Filmmaker Oliver Stone admitted he struggles to understand Scottish accents as he collected an honorary degree from Edinburgh University.

The Oscar-winning director of Born on the Fourth of July was awarded the doctorate "in recognition of his prominent and politically engaging career in film".

The 70-year-old was accompanied at the ceremony by his wife, Chong Stone.

Afterwards, he told STV News: "Scottish movies have a problem with their accents - it's hard to understand sometimes.

"If you could level out the English a little bit more it would be better. Good actors, yes, I just don't understand what they're saying."

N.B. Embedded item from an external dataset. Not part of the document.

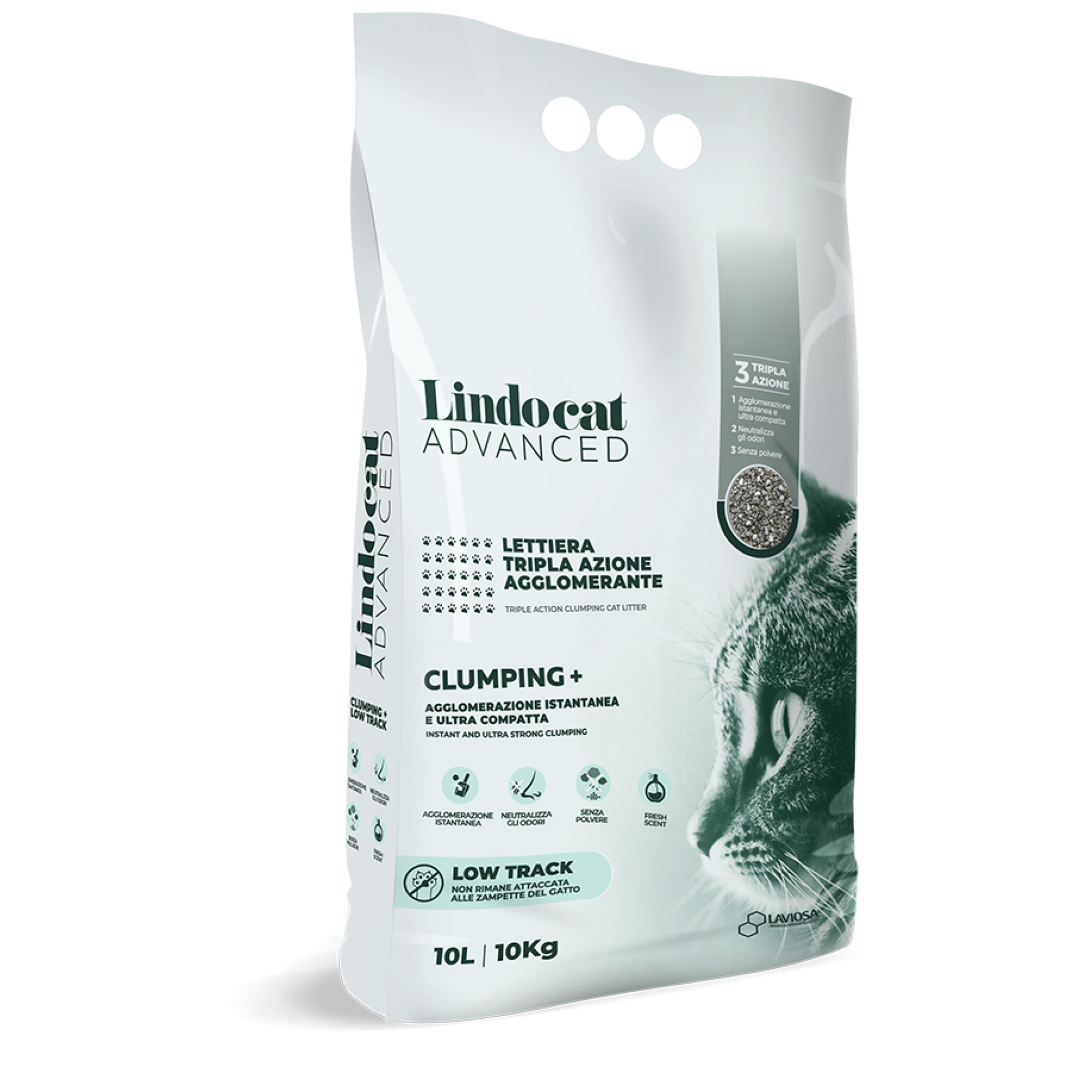 LindoCat Advanced Clumping + Low Track Cat Litter 10L | Fragrance-Free ...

Stone has won three Oscars, the first for best adapted screenplay as writer of Midnight Express in 1978, and the other two as director of Vietnam War dramas Platoon and Born on the Fourth of July.

He received his latest award on the day universities across Scotland recognise famous entertainers.

Strictly Come Dancing judge and former ballerina Darcey Bussell received an honorary degree from the Royal Conservatoire of Scotland in Glasgow.

Bussell became a "doctor of dance" during a ceremony which also recognised Irish composer Micheal O Suilleabhain and Dame Evelyn Glennie, the Scottish virtuoso percussionist who has been profoundly deaf since the age of 12.